Prosecutors told the Seoul Central District Court that Lee, a former judge and official responsible for national security and disaster management, took part in President Yoon's illegal Dec. 3 attempt to declare martial law and allegedly instructed police and fire agencies to cut power and water to media outlets; Lee is also charged with perjury for denying involvement during Yoon's impeachment trial. A verdict is expected in mid‑February, and the charges increase political and media‑freedom risk in South Korea, a development that could modestly weigh on local risk sentiment and investor flows if the case escalates.

Analysis

Market structure: A guilty verdict or sustained political instability in Seoul would directly hurt domestic-facing sectors (media, retail, regional banks) and likely benefit large exporters via KRW depreciation.
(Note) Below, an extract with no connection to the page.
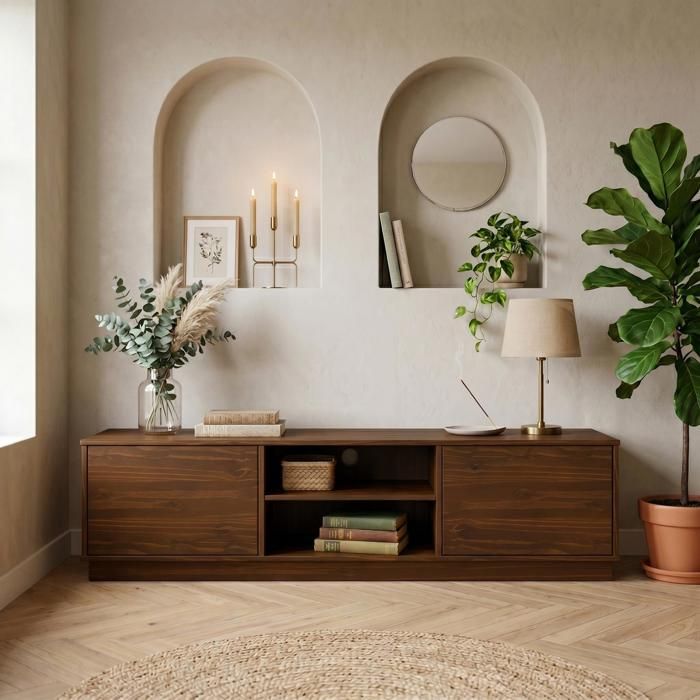 Meuble TV MAITE L 170 cm en Bois Massif Coloris Noyer avec 2 Portes et 2 Niches pour Télé jusqu’à 75 Portes Push-to-Open Meuble TV MAITE L 170 cm en Bois Massif Coloris Noyer avec 2 Portes et 2 Niches pour Télé jusqu’à 75 Portes Push-to-Open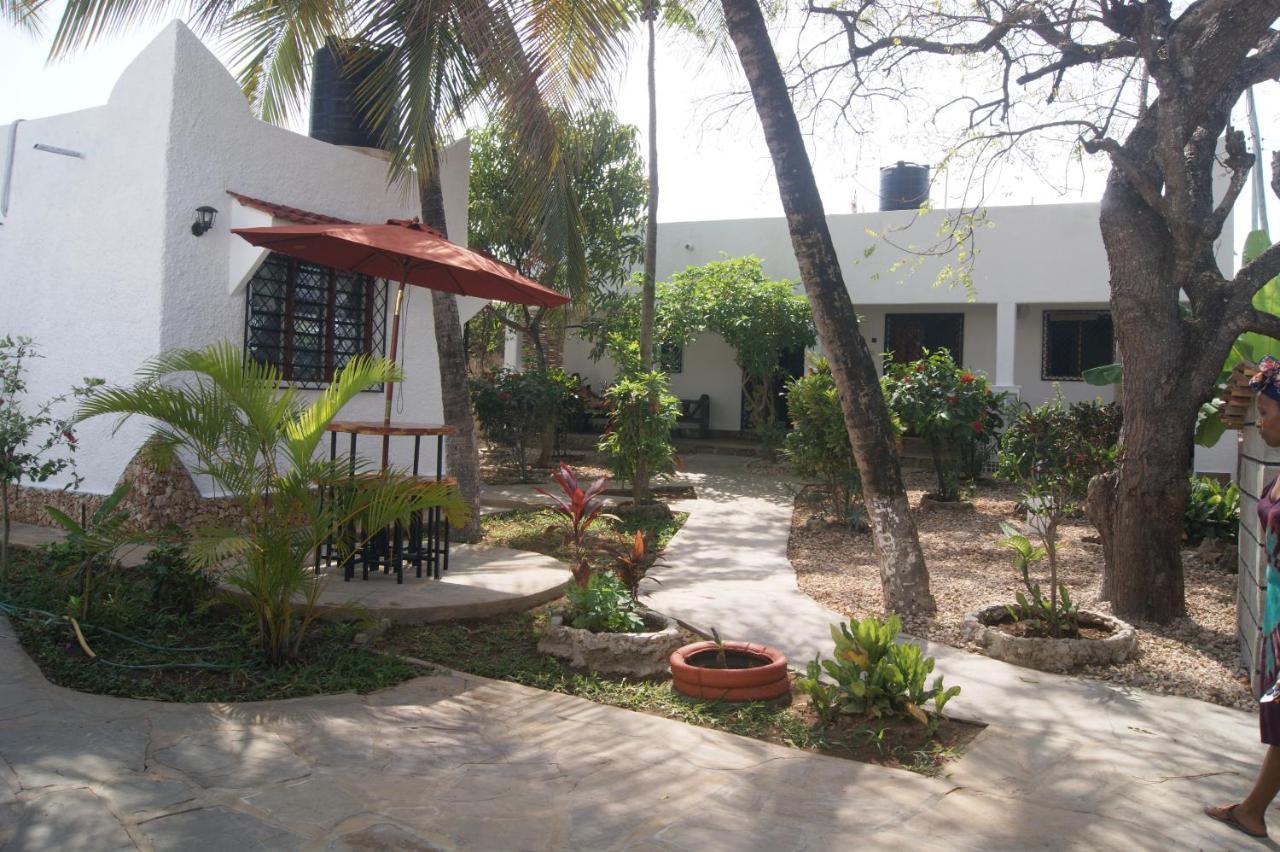 Luciano & Grace Apartments Watamu Eksteriør bilde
Expect a rotation from small/mid-cap domestic discretionary names into large-cap export tech (Samsung 005930.KS, SK Hynix 000660.KS) as currency-driven earnings translation improves; implied equity volatility and FX vol should rise 30–80% around the mid-Feb catalyst. Risk assessment: Tail risks include widescale protests, emergency powers or capital controls (low probability but high impact) that could widen Korea sovereign spreads by 50–150bps and push USDKRW 5–10% higher within weeks. Immediate (days) risk centers on headline-driven flows into FX and safe-havens; short-term (weeks/months) risk is equity de-rating and credit repricing; long-term (quarters+) could raise structural country risk premia if governance erosion persists. Trade implications: Tactical defensive hedges and export-biased longs are optimal: hedge KRW exposure with 3-month USDKRW calls and buy protection on EWY/KOSPI via put spreads, while biasing portfolio to global tech exporters. Position sizing should be small (1–3% per signal), scalable on volatility spikes, and re-assessed 7 business days after the mid-Feb verdict or upon a >3% move in USDKRW. Contrarian angles: The market may over-rotate into outright Korea sell-offs; history (2016–2017 political shocks) shows a 3–6% KRW move and KOSPI rebound within 3–6 months as exporters recover. If USDKRW depreciation exceeds 3–5% without systemic financial stress, pivot to long large-cap exporters and close defensive hedges — there is a material mispricing opportunity in export-heavy names if panic overshoots.